In the winter and spring months of 2010, in between teaching assistantship duties, fellowship applications, department activities, and a conference at Brown University, I wrote two more chapters: Chapter 3 and Chapter 4. None of it, of course, went as fast or as smoothly as I would have liked. The piles of books around the house were ridiculous, my snacking habits atrocious, and yes, let’s face it, my cut-in-paste technique got a little obnoxious at times (even for me).
But by the end of May, there it was: Chapters 1 through 5, with an Intro, Conclusion, and Chapter 6 still pending. I was afraid of Chapter 6. Chapter 6 and I weren’t quite getting along in my mind yet, because I still couldn’t visualize it as well as I could see the others.
Of course, one of the lessons in the second half of the year was that it doesn’t matter how well I visualized something or not: odds were that I’d end up shredding it to pieces and finding another approach anyway.
In some ways, the spring of the dissertation was uneventful, particularly when compared with the rest of the year. I stressed over writing those two chapters. I went all over town interviewing veterans for the project and spent hours transcribing interviews. And somewhere along the way, the writing happened. I made progress.
Then came June, the month in which the dissertation and I went through a planned, yet temporary break up. This was probably a very good thing, and the reason for it was excellent: three weeks at West Point’s Summer Seminar in Military History. I wrote a lot about that this summer, and I still think about it a lot. In retrospect, that was probably one of the best experiences I could have had this year because my time in New York (and the surrounding areas) forced me to reexamine many things related to both the dissertation and my professional life.
Plus, I met a ton of interesting people and spent some time being social. It can’t always be just you and the dissertation, you know.
Then there was July. July, the month where Chapter 6 and I went at it for 10 insane days before I threw a draft at my advisor, even though I knew as soon as I printed it out that it didn’t work. And even that was okay. Me, my advisor, and Chapter 6 – we all made it through that crappy period, mostly because in the process of tripping things up so badly I seem to have figured out how it really needed to go.
And then: August and September, the months of the revisions. For two solid months I attacked each chapter in order, thoroughly, methodically. I buckled down at the table for a set period of time every day and wrote. And thought. But mostly, wrote. I worked into weekends and evenings on some chapters. I lived, breathed, ate, and slept my dissertation.

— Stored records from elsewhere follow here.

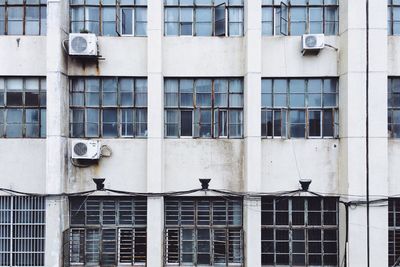 Old industrial building with rusty window frames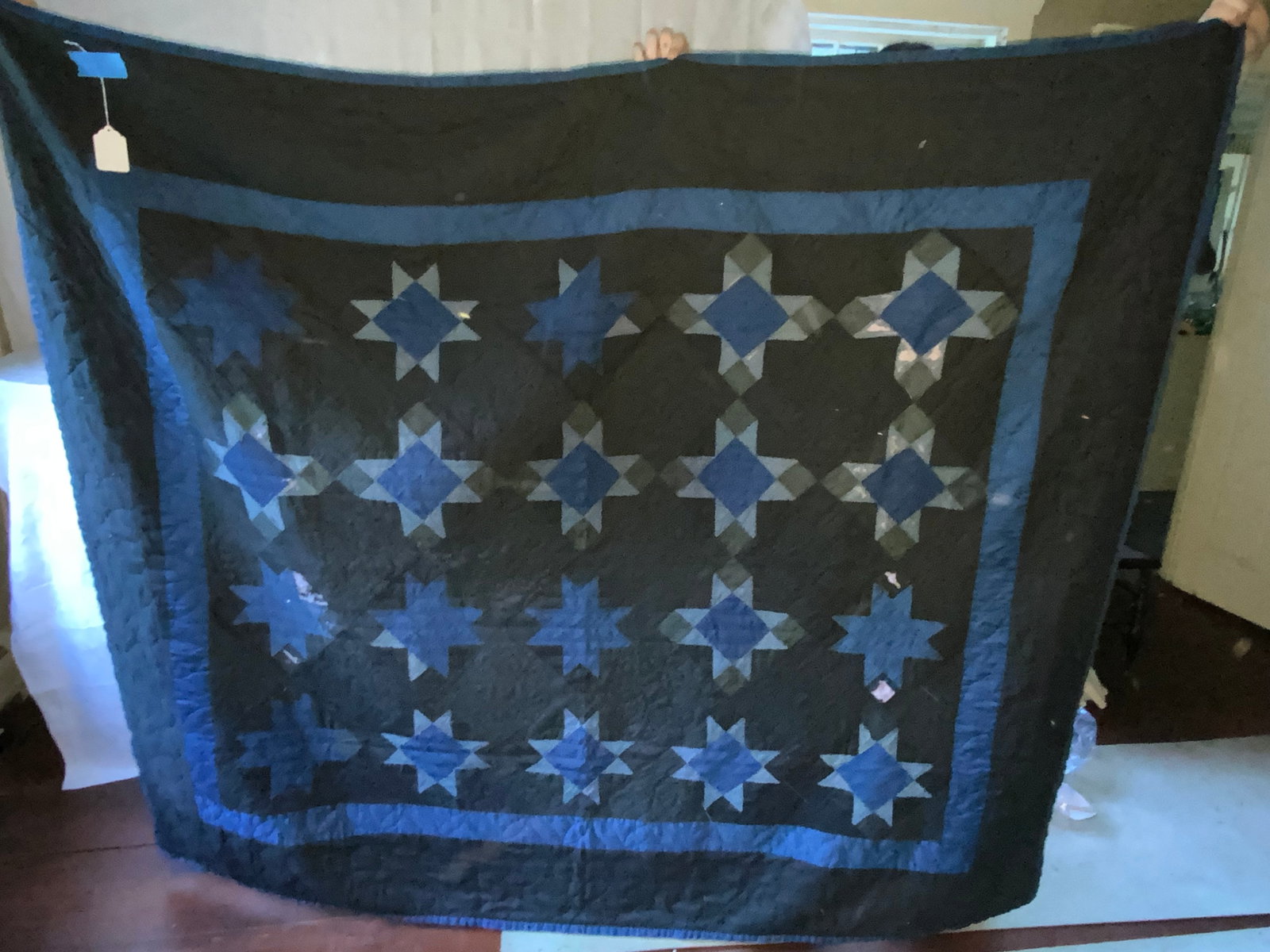 Amish Quilt: Amish quilt, blue and black, 68" x 83", usual wear, has some holes. Fair condition.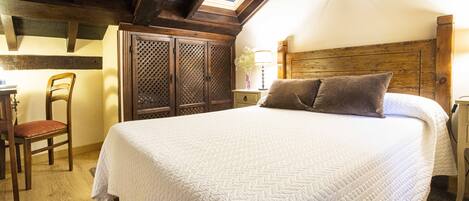Un dormitorio con una cama grande, cabecera de madera, tragaluz, escritorio con silla y armario.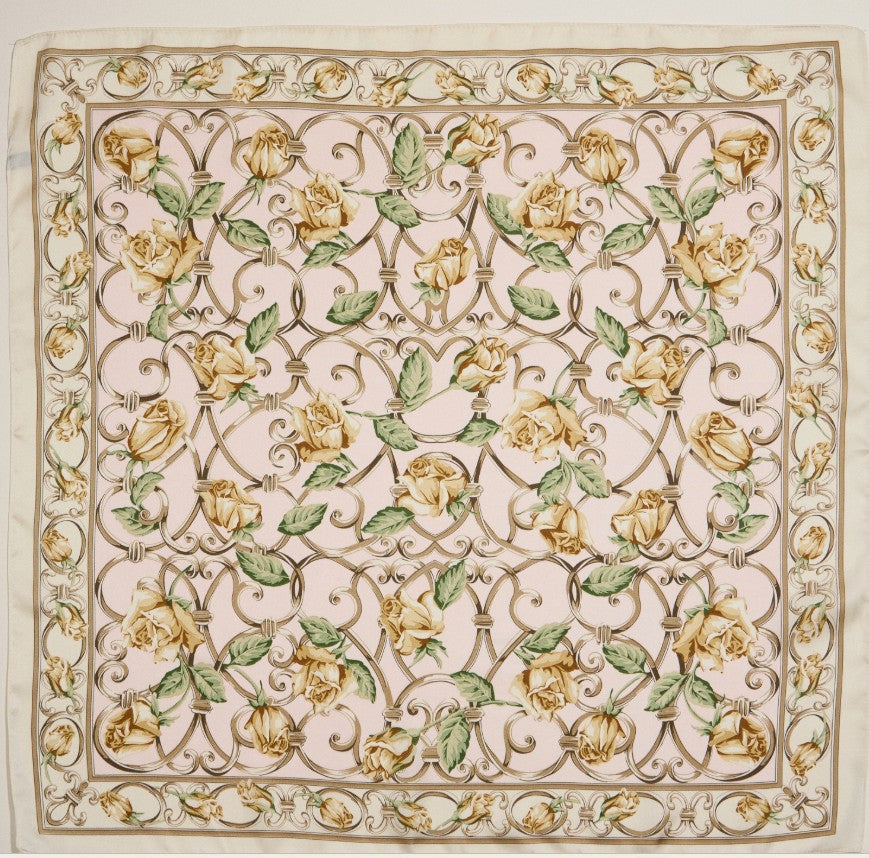 Decorative design on a silky scarf with yellow roses and green leaves on a beige background
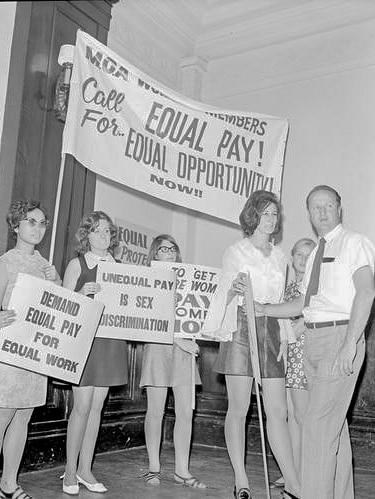 A woman holds a banner with several other young women at an equal pay protest at Melbourne Town Hall.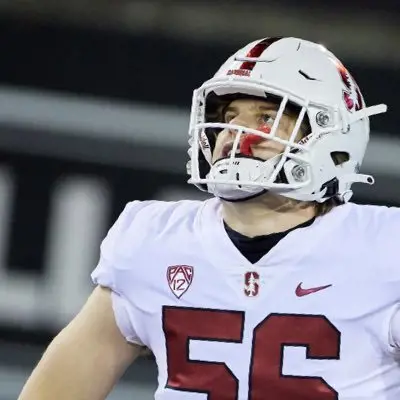 Jake Lynch pictured in the Stanford colors as he looks at the crowd after the game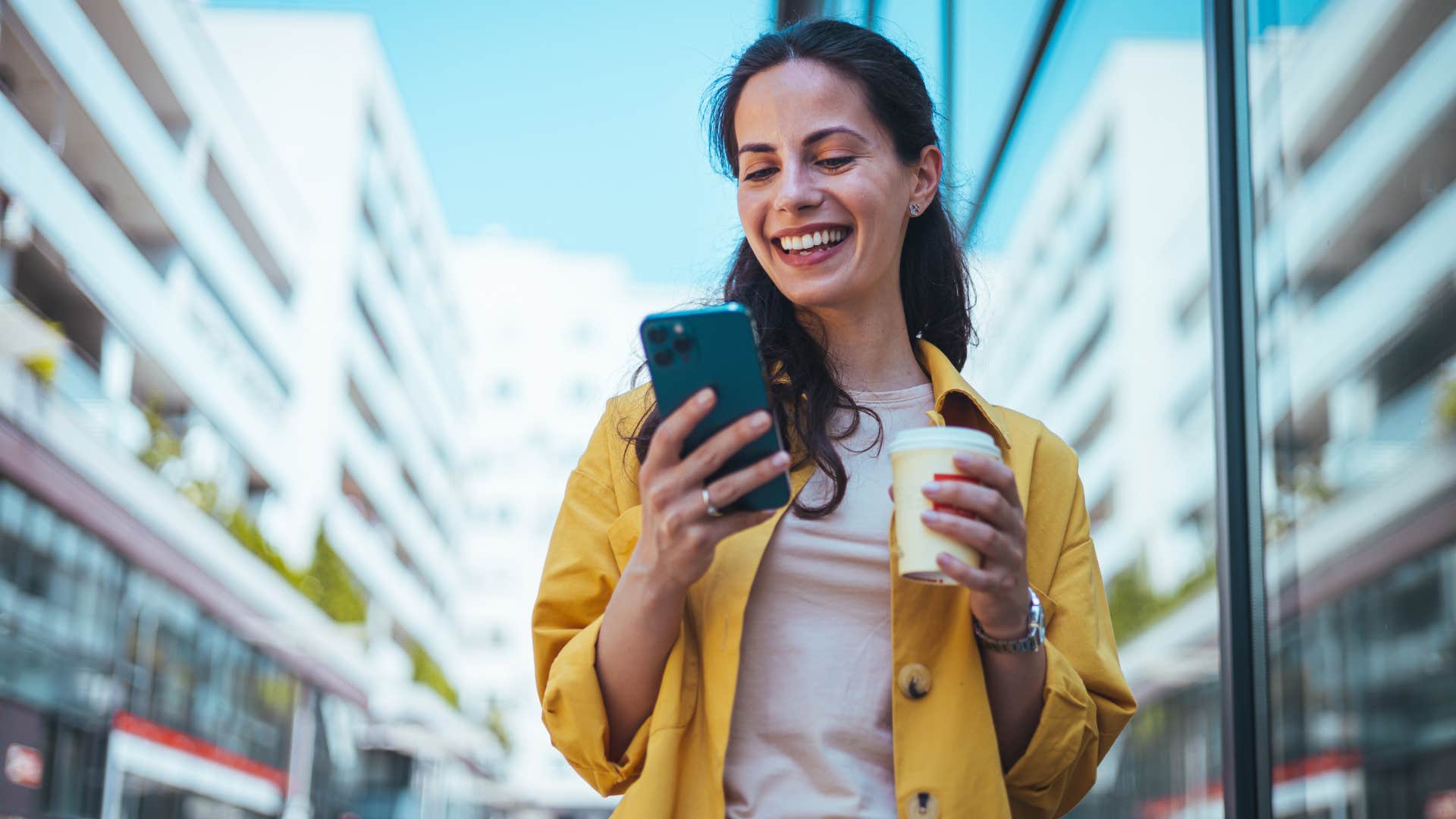 woman messaging on her phone overusing emojis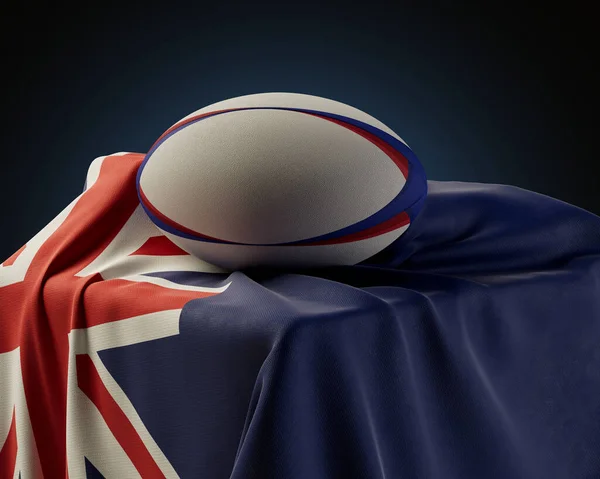 隔絶されたスタジオの背景に描かれたニュージーランドの旗の上に置かれた通常のラグビーボール 3Dレンダリング — ストック写真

By late September, Chapters 1 through 6 had received the first major round of revisions. I wrote the conclusion (which I kinda loved). I agonized over the introduction draft (which I still kinda hate). I deposited the ENTIRE VERSION of Dissertation 2.0 into my advisor’s mailbox on October 1 and let it all just be for awhile.
But it was still the year of the dissertation, after all, so October and November included some more oral history interviews, a small archival trip, and “other” work that I think still helped with the dissertation, such as job applications and letting my brain process things subconsciously. Then, the Friday before Thanksgiving, the advisor and I got together and went through Version 2.0 together.
That was roughly six weeks ago. In the time since, I’ve looked at oodles of books. I’ve reworked countless passages and gotten frustrated over different elements of the project. Then there are days like today, when I finally found my voice in a particular chapter and found new evidence that no one’s ever written about before and got to use it.
I still haven’t touched the Introduction, Chapter 3, or the Conclusion (which needs new attention in light of the repeal of Don’t Ask, Don’t Tell). On the other hand, I’ve reconceptualized and revised Chapters 1 and 4 and made other edits for Chapters 2, 5, and 6. On the final day of 2010, I’ll send these revisions off to a committee member who’s graciously offered to read the whole thing. I have other readers offering their feedback to each chapter, too.
It’s not done yet, but it’s close. So close. Which means 2011 is going to be awesome.